[EXERCISE DATA — start]

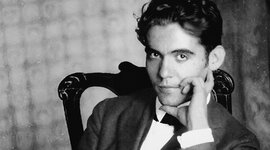 Timeline: Federico García Lorca
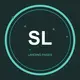 Scout Landing Pages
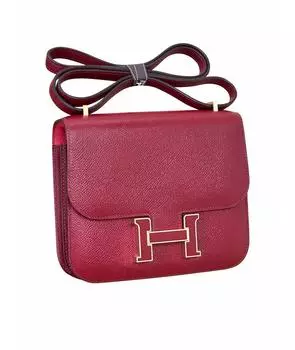 Сумка через плечо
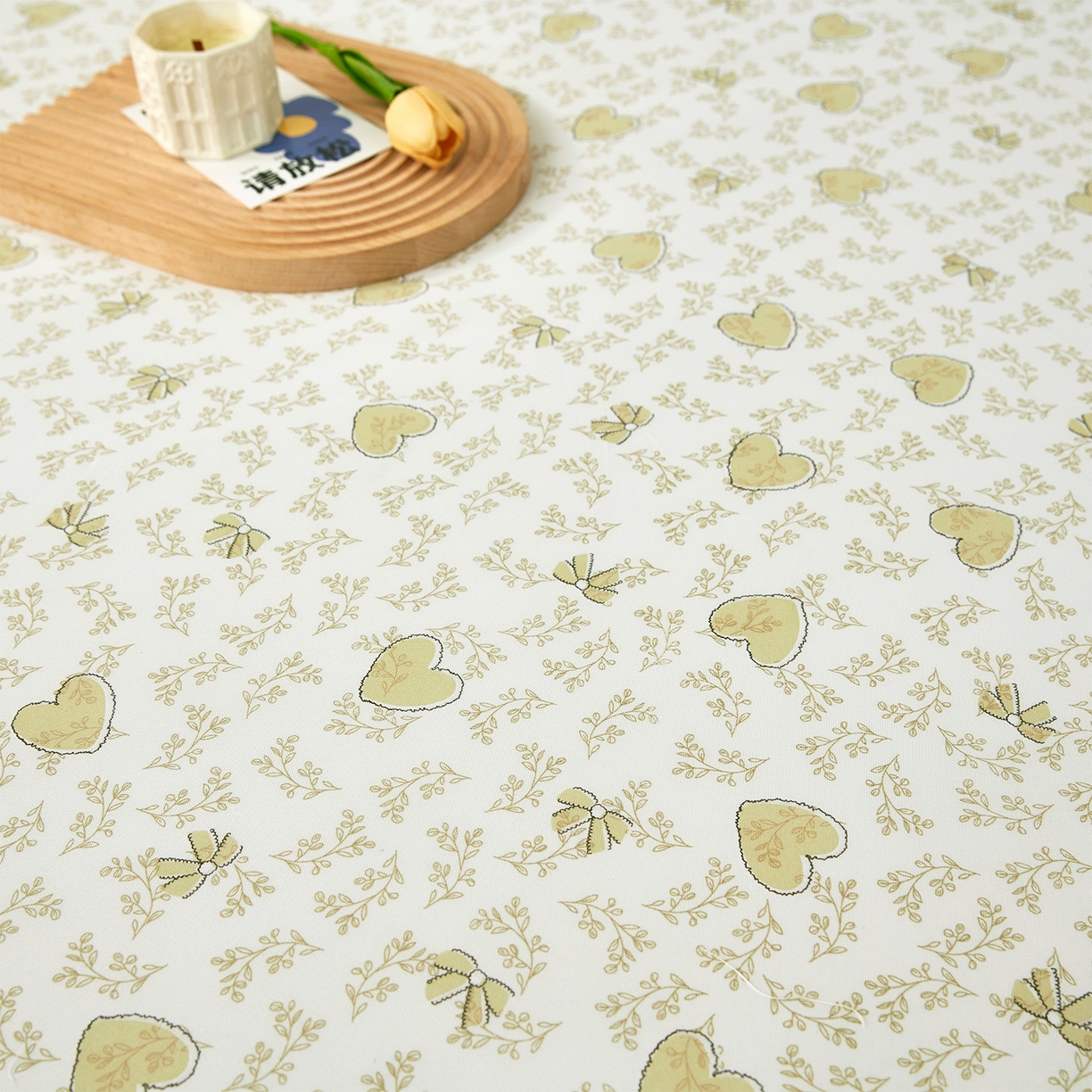 91家纺网 家纺一手货源 找家纺 （总）乐居家纺 2025新款针织棉双层纱单件床笠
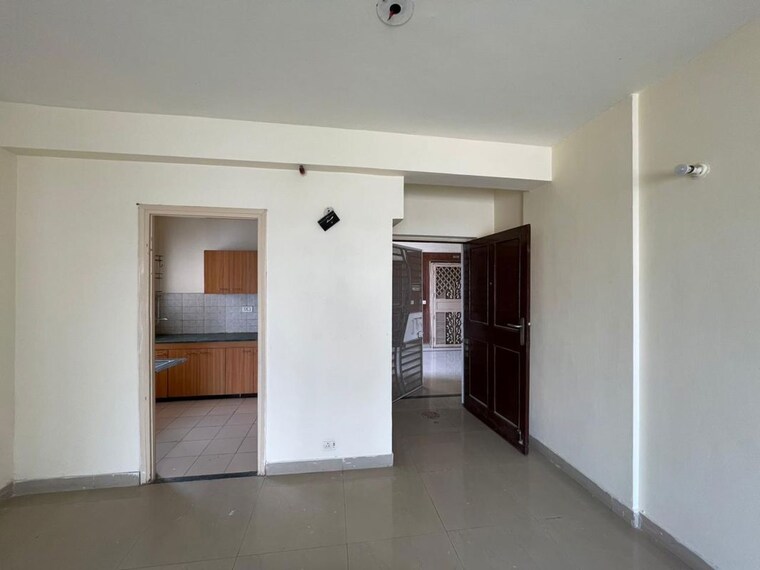 Room, bptp-princess-park 2 Bedroom 1261 Sq.Ft. Apartment In Sector 86 Faridabad 10609786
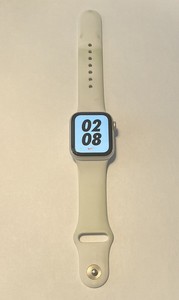 Nike Fitness Tracker Smart Watches for 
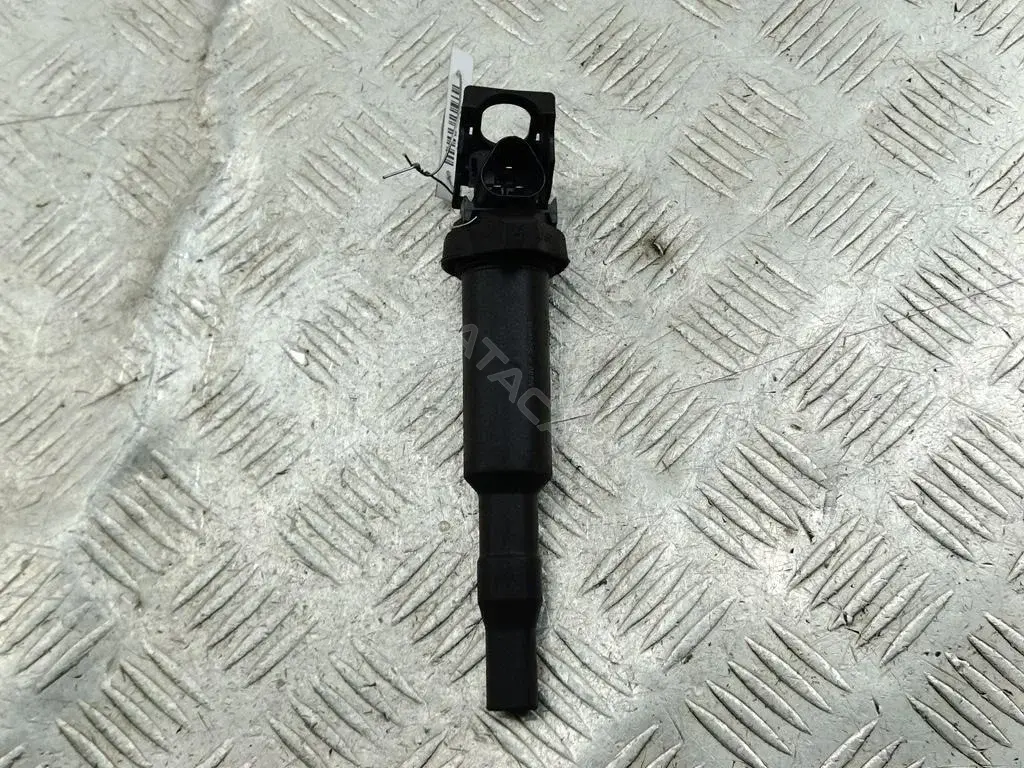 Катушка зажигания 0221504464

[EXERCISE DATA — finish]

Set down, word for word, only the lines running from the line with "Сумка через плечо" through the final line of the entries above, omitting all pictures.

## ANSWER FOR THIS EXERCISE
 Сумка через плечо
 91家纺网 家纺一手货源 找家纺 （总）乐居家纺 2025新款针织棉双层纱单件床笠
 Room, bptp-princess-park 2 Bedroom 1261 Sq.Ft. Apartment In Sector 86 Faridabad 10609786
 Nike Fitness Tracker Smart Watches for 
 Катушка зажигания 0221504464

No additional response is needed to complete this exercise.